Providing Open Architecture High Availability Solutions

Detection of faults can occur through various avenues within a system. A fault may be detected at

the source of the fault itself. There are a variety of components, which are designed so that the

component can trap or report error or out-of-tolerance conditions. These types of detected faults

can range anywhere from slight threshold incursions to complete component or resource failures.

An example of a fault, which is detected within a resource, is an intelligent power supply. It is

common practice to design power supplies with various failure states (i.e., degrade, inhibit, failure,

etc.). Based on the failure state reported, the severity of the fault can be determined along with the

fault’s impact upon system serviceability.

Faults may also be detected by system resources external to the faulted subsystem. One case of this

might be a fan failure. A non-intelligent fan itself will not indicate that it is no longer working, but

temperature sensor readings would indicate there is a fault in the cooling subsystem that needs

attention.

In a system constructed to provide a high level of service availability, it is desirable that each

component or sub-system within the system contribute to the fault detection process. This

contribution can take the form of simply reporting current status of the failed or failing fault

domain. In a more complexly-managed system the level or type of responses from various

components within the system may be used to detect a single fault. The level of complexity of the

fault detection capabilities of the system has a strong impact upon service availability.

6.1.5 Techniques

There are many ways of detecting faults. The following are some general methods that can be

applied throughout a high availability system. A system does not have to employ all of these

methods to be considered highly available, nor is this an all-inclusive list of fault detection

methods.

There is a balance between detection and performance that must be established for a given system

in a given application. It is possible to do so much checking that the main tasks progress at an

unacceptable rate. It is also possible to reduce checking to the point that faults are not detected. The

worst case is to have excessive fault detection on one data path, but little to none on another.

Another point to consider when including large numbers of fault detectors in a design is that the

fault detectors themselves can fail. For these reasons it is critical that fault detection be designed as

an integral part of the system, by those who fully understand the system.

Value Range Checking

In most applications the result of an operation must fall within a certain range. Tests can be done

for these boundary conditions to verify that the data is as expected. This concept is applied when

setting limits for temperature or airflow and when doing address calculations and operations,

particularly when it comes to stack and I/O operations.

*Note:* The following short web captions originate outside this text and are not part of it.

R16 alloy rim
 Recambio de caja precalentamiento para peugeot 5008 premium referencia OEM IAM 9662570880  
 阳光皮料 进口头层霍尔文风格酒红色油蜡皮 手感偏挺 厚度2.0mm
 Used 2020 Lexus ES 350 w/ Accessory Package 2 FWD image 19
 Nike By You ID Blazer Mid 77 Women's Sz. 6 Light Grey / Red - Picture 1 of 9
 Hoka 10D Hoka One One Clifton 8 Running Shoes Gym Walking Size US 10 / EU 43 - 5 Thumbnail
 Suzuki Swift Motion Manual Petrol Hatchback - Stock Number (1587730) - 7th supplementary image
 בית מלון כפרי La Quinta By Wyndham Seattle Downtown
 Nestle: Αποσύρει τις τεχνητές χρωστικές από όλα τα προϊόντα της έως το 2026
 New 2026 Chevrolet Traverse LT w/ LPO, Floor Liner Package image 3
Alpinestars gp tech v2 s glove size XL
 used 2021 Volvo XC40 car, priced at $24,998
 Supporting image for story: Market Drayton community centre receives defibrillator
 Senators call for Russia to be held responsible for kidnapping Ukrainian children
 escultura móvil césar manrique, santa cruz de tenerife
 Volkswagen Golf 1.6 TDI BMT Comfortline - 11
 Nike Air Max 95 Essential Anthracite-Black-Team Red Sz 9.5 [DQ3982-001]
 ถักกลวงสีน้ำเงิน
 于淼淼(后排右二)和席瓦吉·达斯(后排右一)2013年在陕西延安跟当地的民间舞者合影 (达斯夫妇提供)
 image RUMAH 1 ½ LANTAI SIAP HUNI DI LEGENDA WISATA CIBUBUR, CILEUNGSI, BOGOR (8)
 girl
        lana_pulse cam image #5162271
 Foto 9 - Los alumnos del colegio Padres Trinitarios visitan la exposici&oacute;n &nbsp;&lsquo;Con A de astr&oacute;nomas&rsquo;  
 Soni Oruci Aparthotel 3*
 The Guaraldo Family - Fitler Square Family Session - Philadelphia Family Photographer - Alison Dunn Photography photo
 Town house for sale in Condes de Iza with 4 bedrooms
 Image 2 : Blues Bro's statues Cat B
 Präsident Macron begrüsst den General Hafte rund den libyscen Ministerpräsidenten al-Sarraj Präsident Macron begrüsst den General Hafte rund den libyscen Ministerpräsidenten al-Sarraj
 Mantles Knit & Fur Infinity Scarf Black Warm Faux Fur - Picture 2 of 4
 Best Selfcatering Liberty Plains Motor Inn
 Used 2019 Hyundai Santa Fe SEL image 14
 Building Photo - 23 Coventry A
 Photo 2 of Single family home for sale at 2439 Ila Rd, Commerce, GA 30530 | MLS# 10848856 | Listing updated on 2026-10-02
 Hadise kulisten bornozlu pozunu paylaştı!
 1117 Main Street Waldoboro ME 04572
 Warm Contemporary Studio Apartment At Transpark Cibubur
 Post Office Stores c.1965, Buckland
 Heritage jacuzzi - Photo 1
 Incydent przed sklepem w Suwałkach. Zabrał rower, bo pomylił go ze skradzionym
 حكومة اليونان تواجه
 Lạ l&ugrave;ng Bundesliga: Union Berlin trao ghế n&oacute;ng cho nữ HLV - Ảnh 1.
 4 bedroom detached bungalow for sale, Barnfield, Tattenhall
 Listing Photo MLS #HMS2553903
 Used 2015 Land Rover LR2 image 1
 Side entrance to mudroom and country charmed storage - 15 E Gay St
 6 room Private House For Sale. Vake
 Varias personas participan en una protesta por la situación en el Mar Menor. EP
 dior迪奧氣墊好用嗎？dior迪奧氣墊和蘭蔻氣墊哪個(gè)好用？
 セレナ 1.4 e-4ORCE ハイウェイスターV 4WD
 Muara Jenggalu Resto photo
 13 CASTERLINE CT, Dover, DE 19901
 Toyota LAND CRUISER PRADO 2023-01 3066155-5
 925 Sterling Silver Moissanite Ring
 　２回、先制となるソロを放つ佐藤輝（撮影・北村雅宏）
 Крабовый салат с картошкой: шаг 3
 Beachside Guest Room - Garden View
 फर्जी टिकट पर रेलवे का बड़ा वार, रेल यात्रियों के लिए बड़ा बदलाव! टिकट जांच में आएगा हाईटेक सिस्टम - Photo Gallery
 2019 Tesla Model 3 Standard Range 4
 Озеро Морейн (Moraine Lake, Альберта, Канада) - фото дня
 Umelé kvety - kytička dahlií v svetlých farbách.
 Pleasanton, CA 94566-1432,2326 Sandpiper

In some cases it may be necessary to pass an expected output value range in addition to the data

normally passed between components for this type of testing to be possible.

Data Integrity Checking

Whenever data is transferred from one component to another it is possible to get corruption. This is

particularly true when data is passed between hardware components. However, since software

layers can hide the difference between local memory transfers and transfers across remote links, it

may be useful to check integrity at multiple points.